HIF Prolyl Hydroxylase Inhibition Protects Skeletal Muscle from Contraction-Induced Injury. Mus musculus

Skeletal muscle has an impressive ability to repair itself after a damaging insult and this response is essential to the process of muscle adaptation. In conditions such as muscular dystrophy and the sarcopenia of old age, repair is compromised leading to fibrosis and fatty tissue accumulation. Hypoxia-inducible factors (HIFs) are highly conserved regulators of gene transcription under conditions of low oxygen tension and HIF target genes such as EPO and VEGF have been associated with muscle protection and repair. We sought to interrogate the importance of HIF activation to skeletal muscle repair through the use of prolyl hydroxylase inhibitors (PHI) that stabilize HIF and activate target gene transcription in a mouse eccentric exercise limb damage model. We used microarrays to detail the global effects of prolyl hydroxylase inhibitors (PHI) in a mouse eccentric exercise limb damage model. Overall design: Normal C57Bl6/NJ mice were housed individually and fed standard chow and water ad libitum. Right hind limbs were injured while left hind limbs were used as control. Animals were treated either with PHI or vehicle. Gastrocnemius samples were collected after 3 hrs, 6hrs, and 9hrs, respectively.
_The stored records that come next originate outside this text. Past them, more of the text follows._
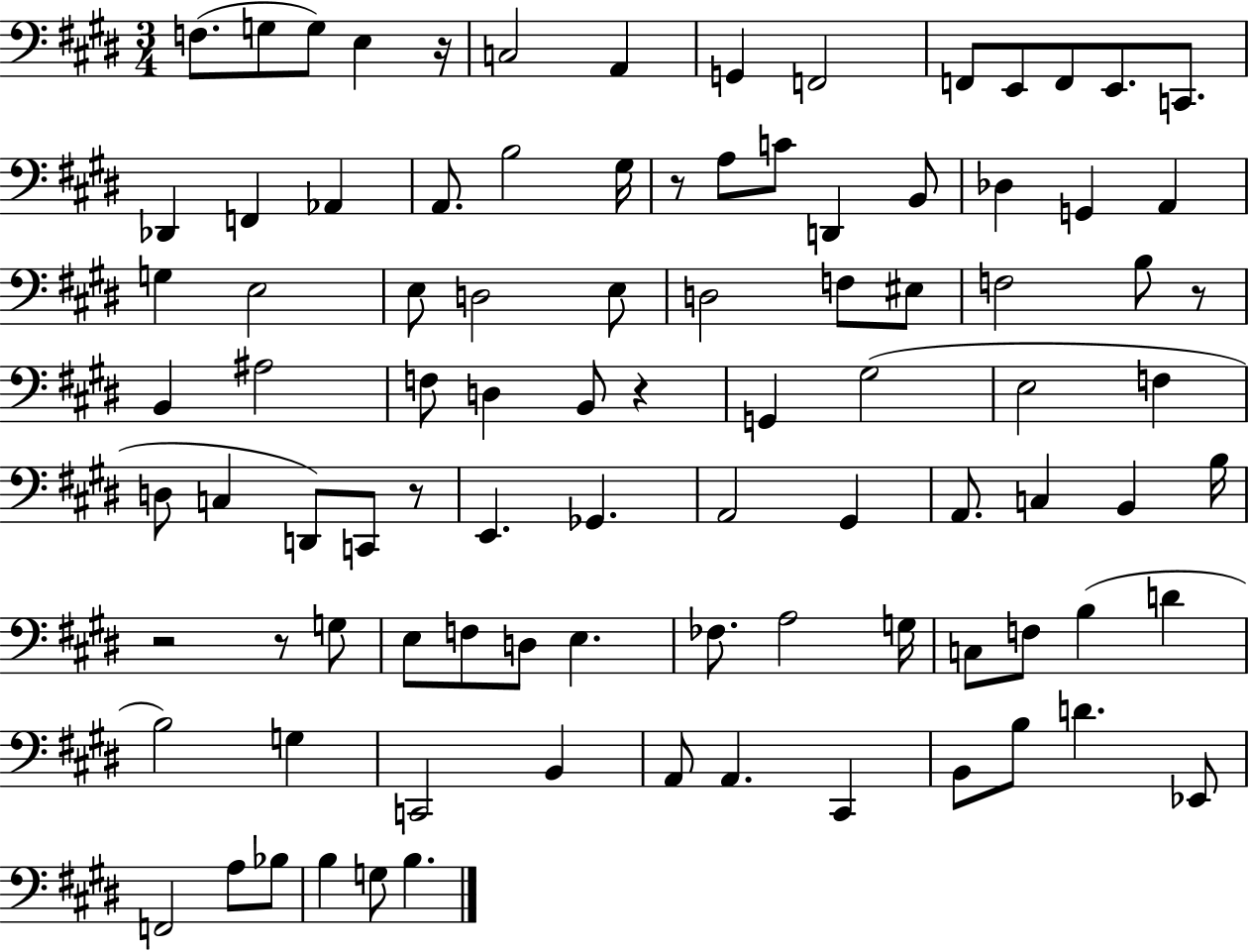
F3/e. G3/e G3/e E3/q R/s C3/h A2/q G2/q F2/h F2/e E2/e F2/e E2/e. C2/e. Db2/q F2/q Ab2/q A2/e. B3/h G#3/s R/e A3/e C4/e D2/q B2/e Db3/q G2/q A2/q G3/q E3/h E3/e D3/h E3/e D3/h F3/e EIS3/e F3/h B3/e R/e B2/q A#3/h F3/e D3/q B2/e R/q G2/q G#3/h E3/h F3/q D3/e C3/q D2/e C2/e R/e E2/q. Gb2/q. A2/h G#2/q A2/e. C3/q B2/q B3/s R/h R/e G3/e E3/e F3/e D3/e E3/q. FES3/e. A3/h G3/s C3/e F3/e B3/q D4/q B3/h G3/q C2/h B2/q A2/e A2/q. C#2/q B2/e B3/e D4/q. Eb2/e F2/h A3/e Bb3/e B3/q G3/e B3/q.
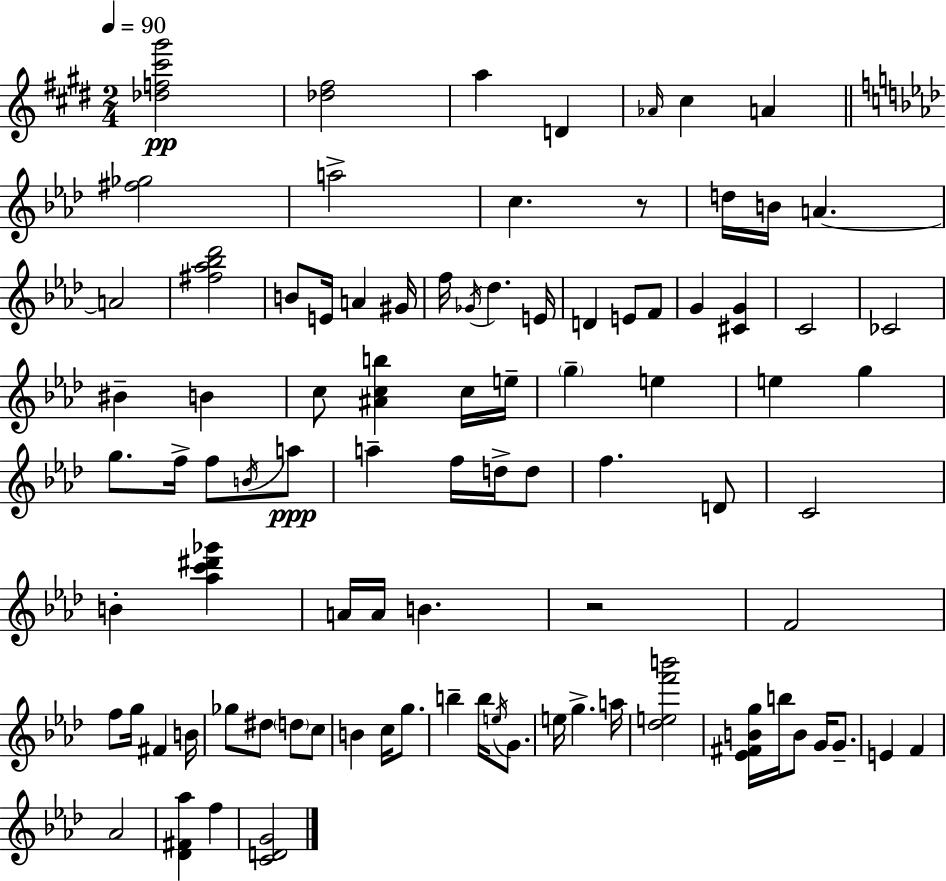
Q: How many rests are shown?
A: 2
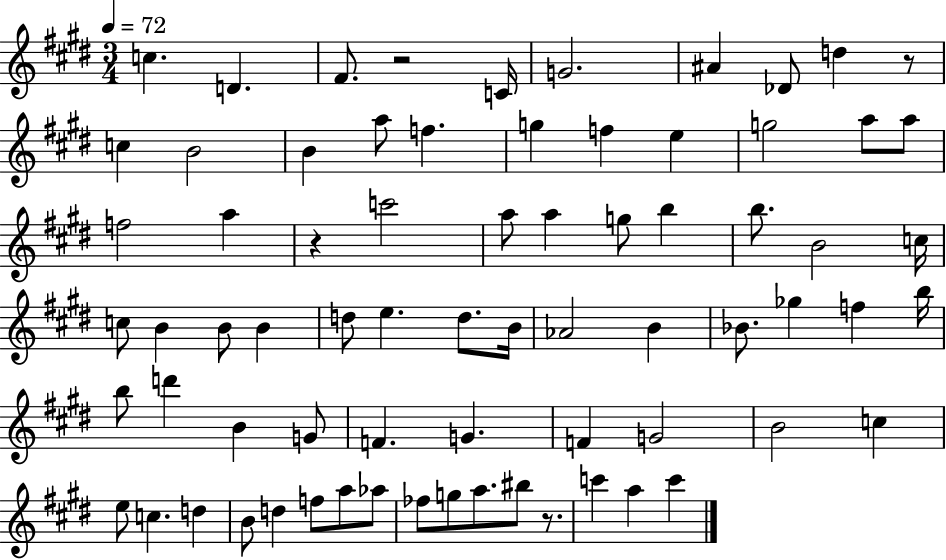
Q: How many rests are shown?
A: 4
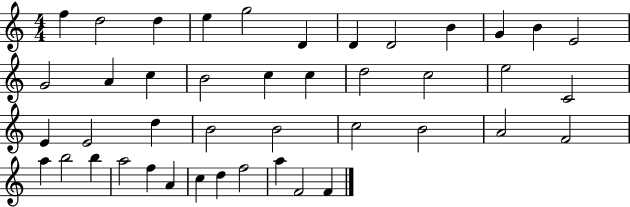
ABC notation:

X:1
T:Untitled
M:4/4
L:1/4
K:C
f d2 d e g2 D D D2 B G B E2 G2 A c B2 c c d2 c2 e2 C2 E E2 d B2 B2 c2 B2 A2 F2 a b2 b a2 f A c d f2 a F2 F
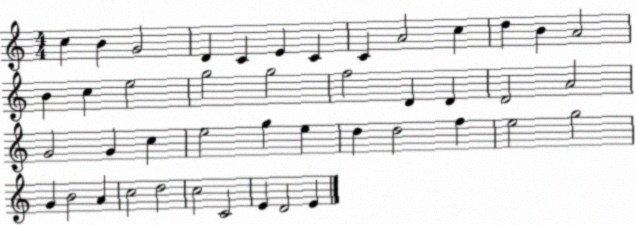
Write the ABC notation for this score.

骨骼肌在遭受损伤性刺激后具备卓越的自我修复能力，该反应对于肌肉适应进程至关重要。在肌营养不良症与老年肌少症（sarcopenia）等病症中，修复过程会受损，进而引发纤维化与脂肪组织堆积。缺氧诱导因子（Hypoxia-inducible factors, HIFs）是低氧张力下高度保守的基因转录调控因子，而促红细胞生成素（EPO）、血管内皮生长因子（VEGF）等HIF靶基因已被证实与肌肉保护及修复过程密切相关。本研究旨在通过使用可稳定HIF并激活靶基因转录的脯氨酰羟化酶抑制剂（PHI），在小鼠肢体离心运动损伤模型中探究HIF激活对骨骼肌修复的重要性。本研究采用基因芯片技术，详细剖析了脯氨酰羟化酶抑制剂（PHI）在小鼠肢体离心运动损伤模型中的全局基因表达效应。实验整体设计：将正常C57Bl6/NJ小鼠单笼饲养，自由采食标准饲料与饮水。对右侧后肢进行损伤造模，左侧后肢作为对照。对小鼠分别施以PHI或溶剂对照处理。分别于造模后3小时、6小时及9小时采集腓肠肌样本。